DESCRIPTION OF THE TASK »
Below are some entries. Transcribe the lines from the one holding "Tumour-debulking pathway showing" to the one holding "Sculptra Before and After", inclusive, but not the pictures among them.

AVAILABLE DATA »
*** Begin section ***

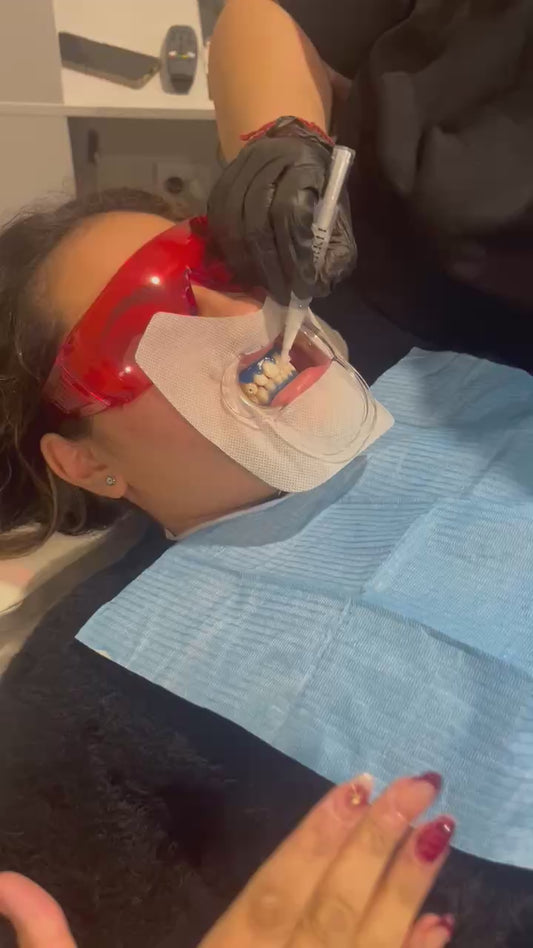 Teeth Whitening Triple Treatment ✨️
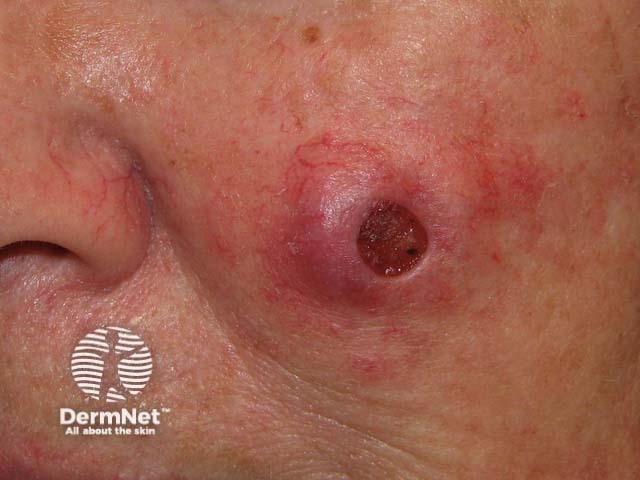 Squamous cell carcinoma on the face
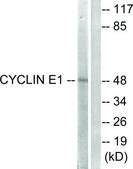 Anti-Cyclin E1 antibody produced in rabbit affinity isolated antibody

*** End section ***
*** Begin section ***

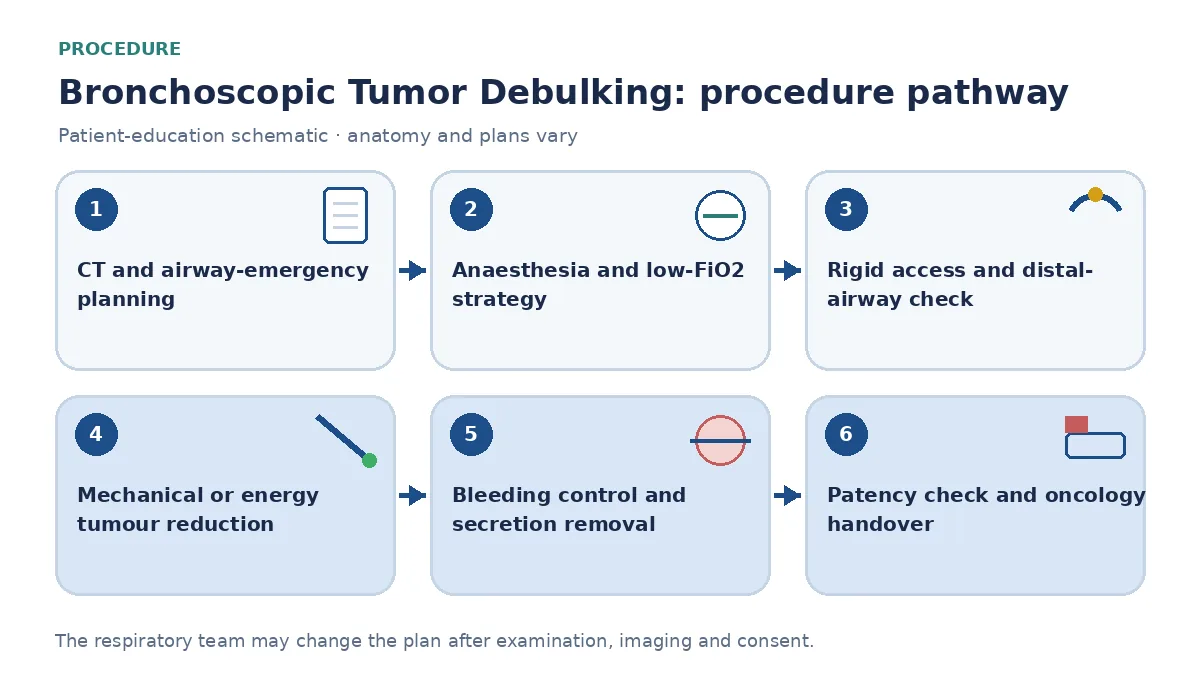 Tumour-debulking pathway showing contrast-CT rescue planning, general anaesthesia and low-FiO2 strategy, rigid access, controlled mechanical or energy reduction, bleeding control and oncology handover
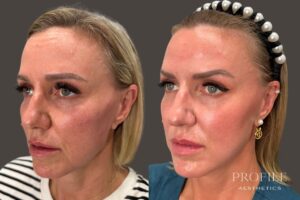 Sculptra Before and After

*** End section ***

RESULT OF THIS TASK »
 Tumour-debulking pathway showing contrast-CT rescue planning, general anaesthesia and low-FiO2 strategy, rigid access, controlled mechanical or energy reduction, bleeding control and oncology handover
 Sculptra Before and After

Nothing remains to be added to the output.